Instructions to follow: Once you find the line below that has "Marca: PAESE. Imagen: 84157.jpg.", output it and every line after it exactly, stopping after the line that has "Torre del Rey, Appartement", with no pictures.

Source records:
=== Begin Enclosure ===

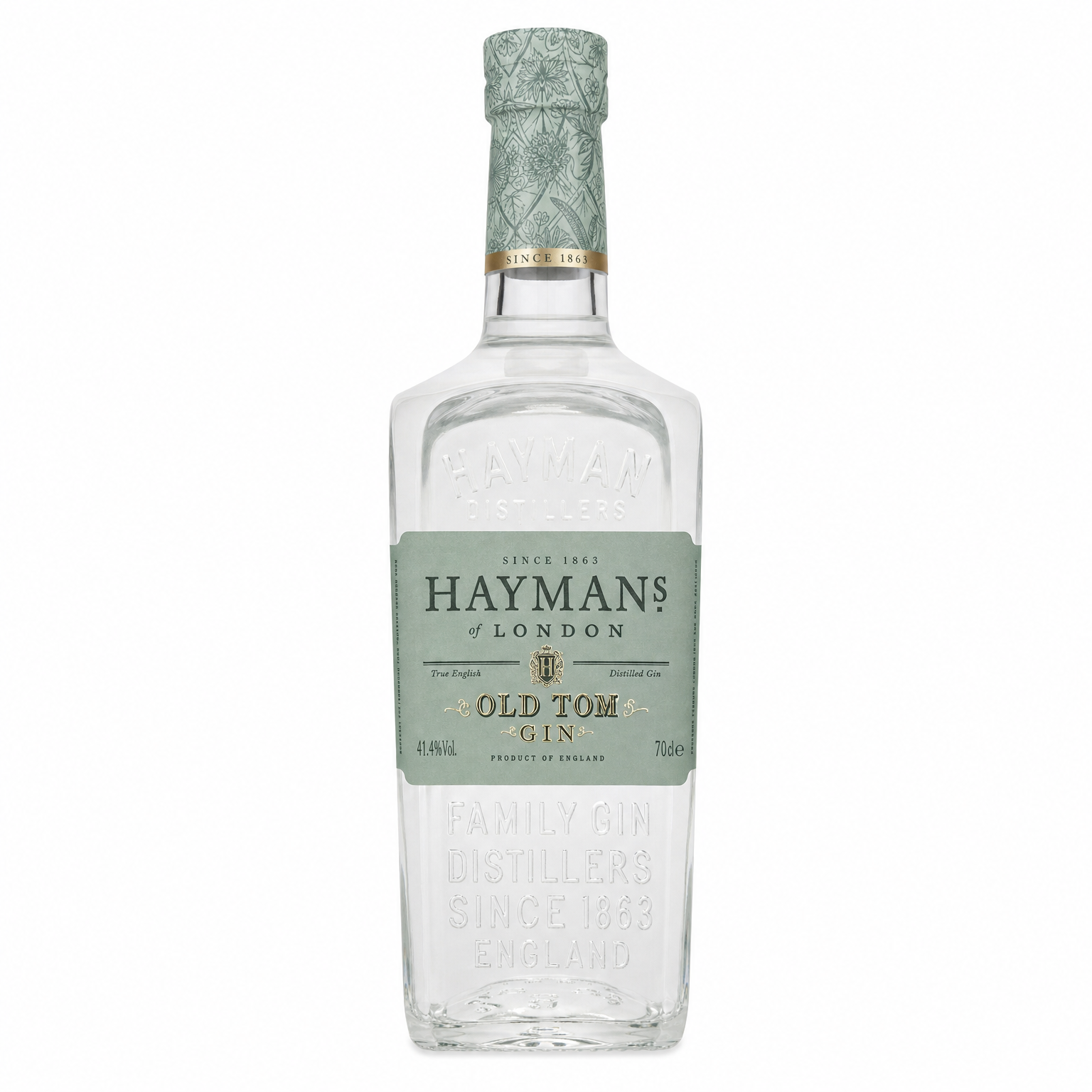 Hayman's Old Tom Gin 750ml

=== End Enclosure ===
=== Begin Enclosure ===

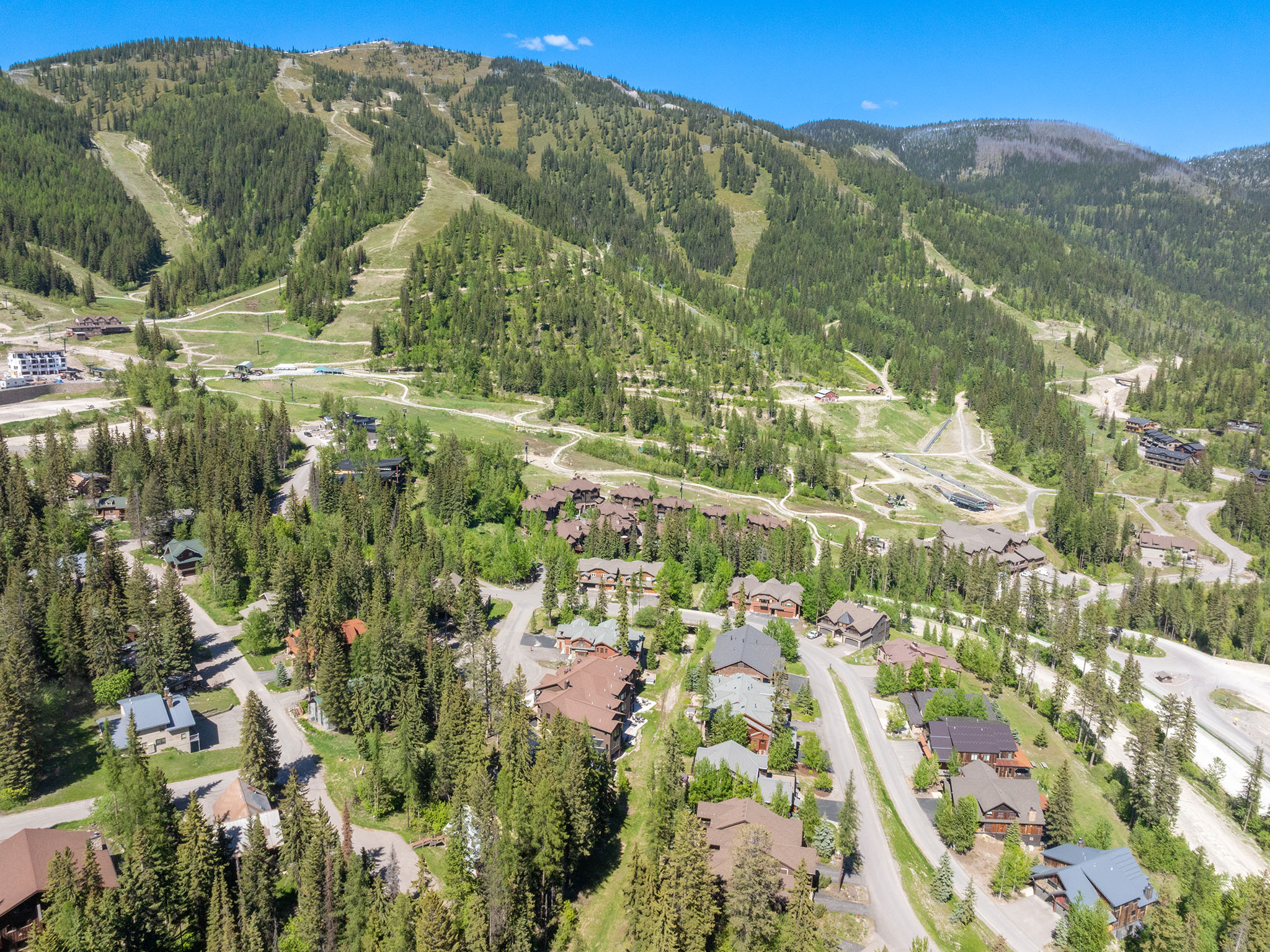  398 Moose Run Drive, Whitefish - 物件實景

=== End Enclosure ===
=== Begin Enclosure ===

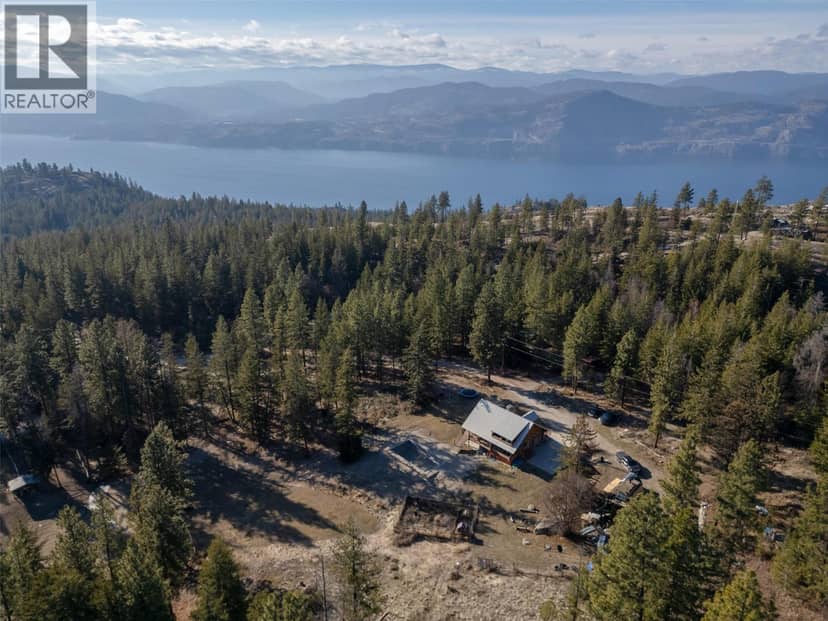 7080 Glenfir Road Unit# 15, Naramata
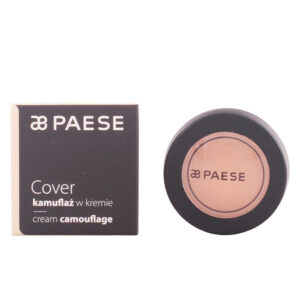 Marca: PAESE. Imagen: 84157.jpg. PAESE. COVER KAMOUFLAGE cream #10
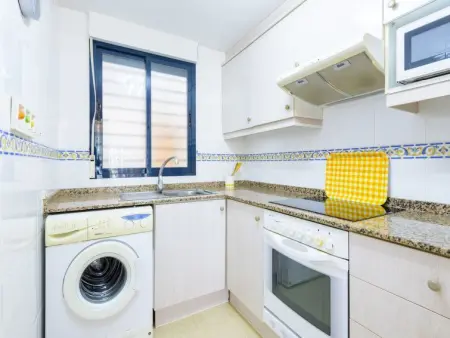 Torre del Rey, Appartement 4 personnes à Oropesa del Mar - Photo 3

=== End Enclosure ===

Response below:
 Marca: PAESE. Imagen: 84157.jpg. PAESE. COVER KAMOUFLAGE cream #10
 Torre del Rey, Appartement 4 personnes à Oropesa del Mar - Photo 3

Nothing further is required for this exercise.